Segment Start: Data segment
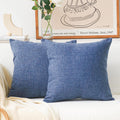 Home Brilliant 2 Pack Burlap Lined Linen Euro Pillow Shams Covers Large Pillowcases For Bedroom Couch, 24 Inch(60X60Cm), Navy Bl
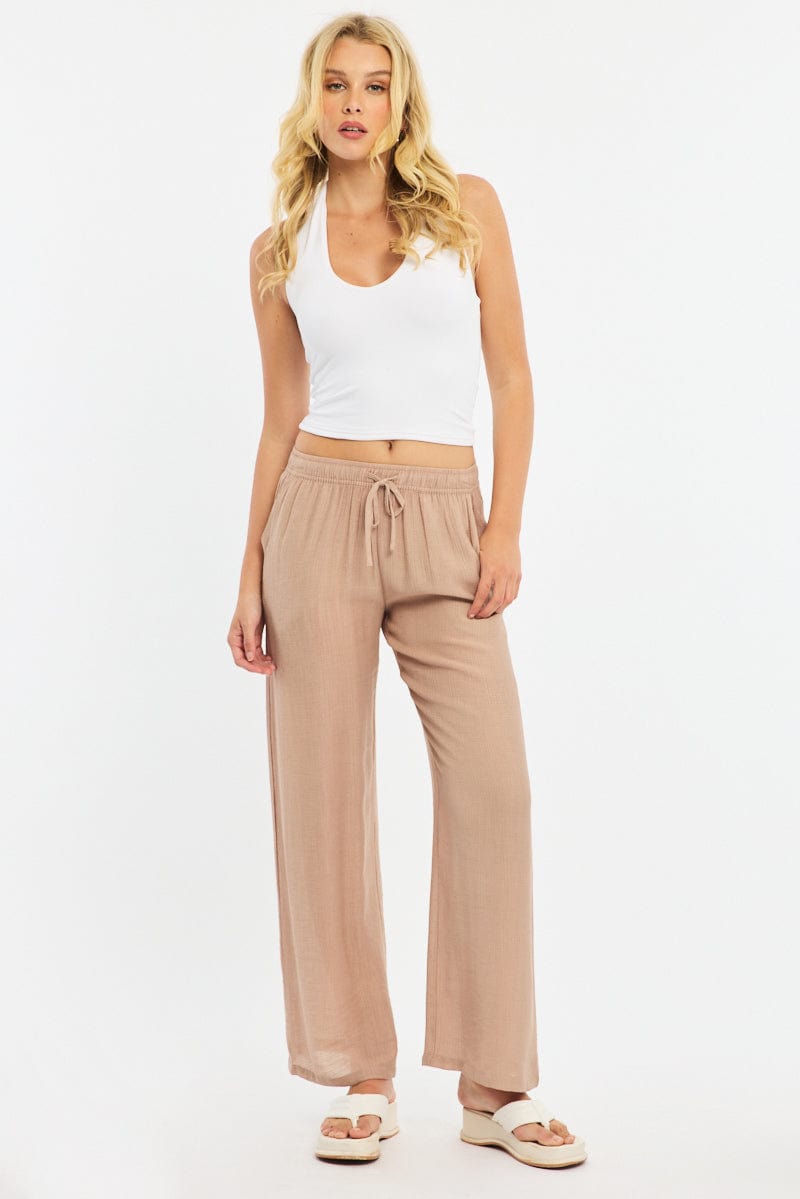 Beige Stripe Wide Leg Pants Elasticated Waist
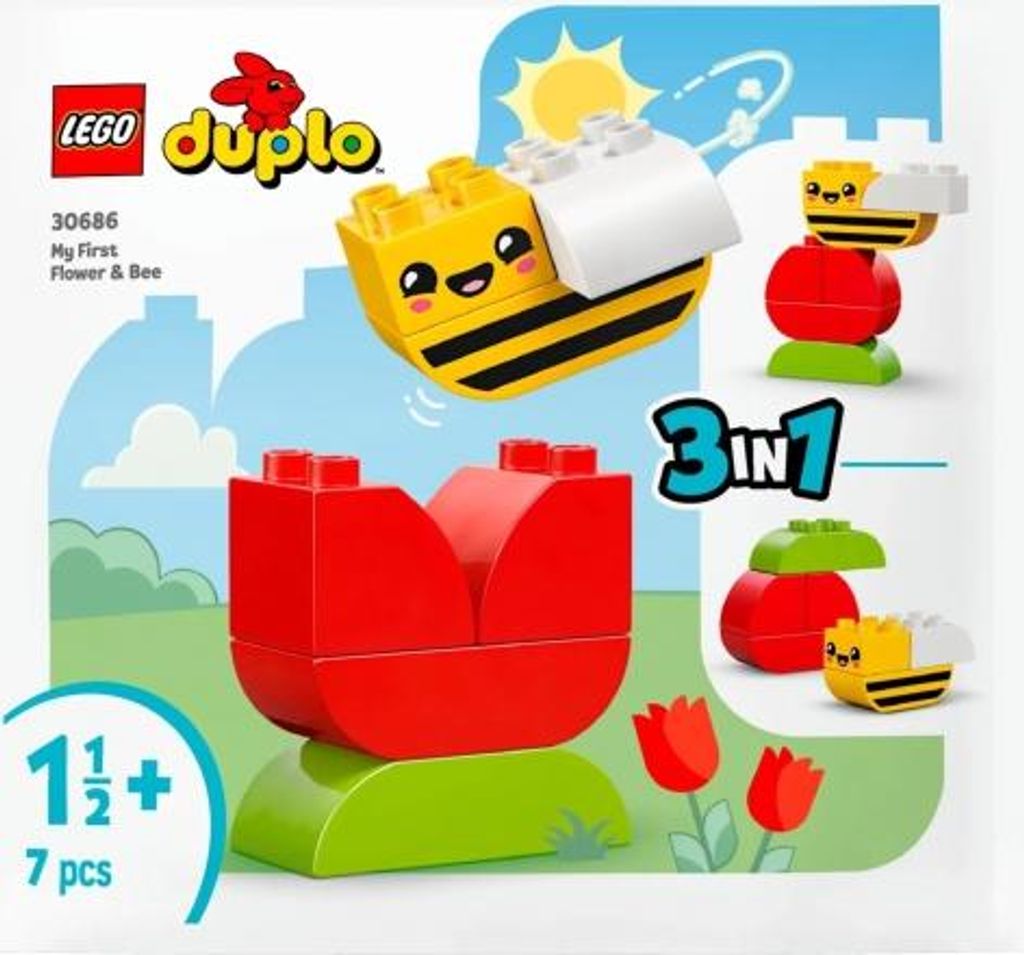 The image shows the packaging of a LEGO DUPLO set, featuring the product and its components.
Segment End: Data segment
[Work to be completed] The lines above should be transcribed exactly, with every image removed.

[Result]
 Home Brilliant 2 Pack Burlap Lined Linen Euro Pillow Shams Covers Large Pillowcases For Bedroom Couch, 24 Inch(60X60Cm), Navy Bl
 Beige Stripe Wide Leg Pants Elasticated Waist
 The image shows the packaging of a LEGO DUPLO set, featuring the product and its components.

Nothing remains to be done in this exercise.